Mendoza distinguished Harris because “(1) the acknowledgment forms here did not mention the Arbitration Policy or otherwise incorporate it by reference; (2) the Arbitration Policy was not highlighted in a table of contents and did not stand out from the other sections of the Handbook; (3) the ‘condition of employment language’ at the end of the Arbitration Policy is not nearly as explicit or unequivocal as the language in the arbitration clause in Harris; and (4) nothing advised Mendoza that he would be deemed to have consented to arbitration by accepting the employment if he failed to sign an arbitration agreement.” (Id. at p. 788.)

b. application of the case law here

We now apply the above-discussed authorities to this case. Here, the Handbook Acknowledgement that Plaintiff signed does expressly mention the Agreement and unequivocally indicates that “[m]y signature below certifies that I … agree to be bound to the Arbitration Agreement.” While the Handbook Acknowledgement also states that the handbook “do[es] not form a written employment contract for employment for a specific term or duration” (italics added), the acknowledgement is clear that the Agreement is a binding contract. And while Plaintiff contends that the Agreement is buried in the handbook, the single-page Handbook Acknowledgement refers to it multiple times—including in the first sentence of the acknowledgement—and explains where it can be found as a standalone Attachment 1 to the handbook. Ultimately, the Handbook Acknowledgement is quite clear that the Agreement is a contract to which Plaintiff agreed to be bound by signing the acknowledgement.

5. Conclusion

In sum, Defendants have shown that Plaintiff signed the Handbook Acknowledgement and thus expressly consented to the Agreement. And there is no dispute that the employment claims at issue here are within the scope of that Agreement, which mutually covers “any dispute” between the Company and Employee. So the burden shifts to Plaintiff to prove a ground to deny arbitration.

C. Unconscionability

On opposition, Plaintiff urges that the Agreement is unconscionable. Unconscionability has both procedural and substantive elements. (Armendariz v. Foundation Health Psychare Services, Inc. (2000) 24 Cal.4th 83, 114 (Armendariz); Jones v. Wells Fargo Bank (2003) 112 Cal.App.4th 1527, 1539 (Jones).) Both must appear for a court to invalidate a contract or one of its individual terms (Armendariz, supra, 24 Cal.4th at p. 114; Mercuro v. Superior Court (2002) 96 Cal.App.4th 167, 174), but they need not be present in the same degree: “the more substantively oppressive the contract term, the less evidence of procedural unconscionability is required to come to the conclusion that the term is unenforceable, and vice versa” (Armendariz, supra, 24 Cal.4th at p. 114).  

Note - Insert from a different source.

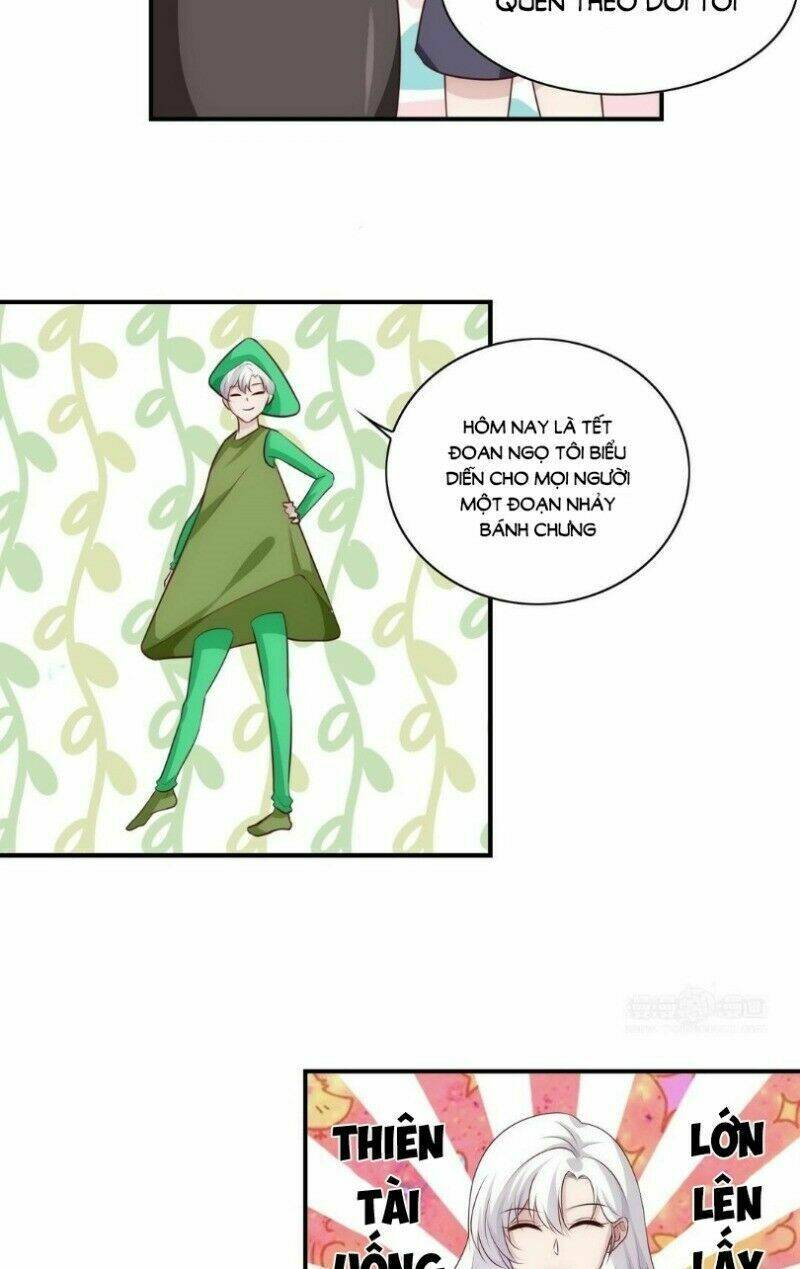 Trở Lại Showbiz Làm Ảnh Hậu: Chapter 17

1. Procedural Unconscionability

Procedural unconscionability focuses on the elements of oppression and surprise. (Armendariz, supra, 24 Cal.4th at p. 114.)  “Oppression arises from an inequality of bargaining power which results in no real negotiation and an absence of meaningful choice,” while “[s]urprise involves the extent to which the terms of the bargain are hidden in a prolix printed form drafted by a party is a superior bargaining position.” (Davis v. TWC Dealer Group, Inc. (2019) 41 Cal.App.5th 662, 671, internal citation and quotation marks omitted.)

Here, some amount of procedural unconscionability is present due to Plaintiff’s status as an employee with weaker bargaining power and Defendants’ presentation of the Agreement on a take-it-or-leave it basis. (See Nyulassy v. Lockheed Martin Corp. (2004) 120 Cal.App.4th 1267, 1282–1286 (Nyulassy).) Plaintiff contends that surprise is also present, because “the phrase ‘agree to be bound to the Arbitration Agreement’ is buried at the end of a sentence near the very bottom of the very last page of the 54-page Employee Handbook, in a document misleadingly titled, ‘Handbook Acknowledgment.’ ” But as already discussed, the single-page Handbook Acknowledgement that Plaintiff executed refers to the Agreement multiple times—including in its first sentence—and explains where it can be found as a standalone Attachment 1 to the handbook. And while Plaintiff declares that she was generally “rushed” to sign documents by management, she provides no details about how the Handbook Acknowledgement, specifically was presented to her (since she does not remember signing it). The discovery responses that Plaintiff submits suggest that the acknowledgement was presented to Plaintiff on its own, not “buried” within the handbook. So the Court assumes that is what occurred. And there is no evidence in the record either way regarding whether or how the Agreement was presented or made available to Plaintiff—an issue on which Plaintiff bears the burden when urging the Agreement is unconscionable.

Under these circumstances, the Court does not find that Plaintiff was “surprised” by Agreement, so this element is “less dominant.” (Nyulassy, supra, 120 Cal.App.4th at p. 1283.) Ultimately, the adhesive nature of an employment contract does not subject the contract to the same degree of scrutiny as contracts of adhesion that involve surprise or “other sharp practices.” (Baltazar v. Forever 21, Inc. (2016) 62 Cal.4th 1237, 1245.)  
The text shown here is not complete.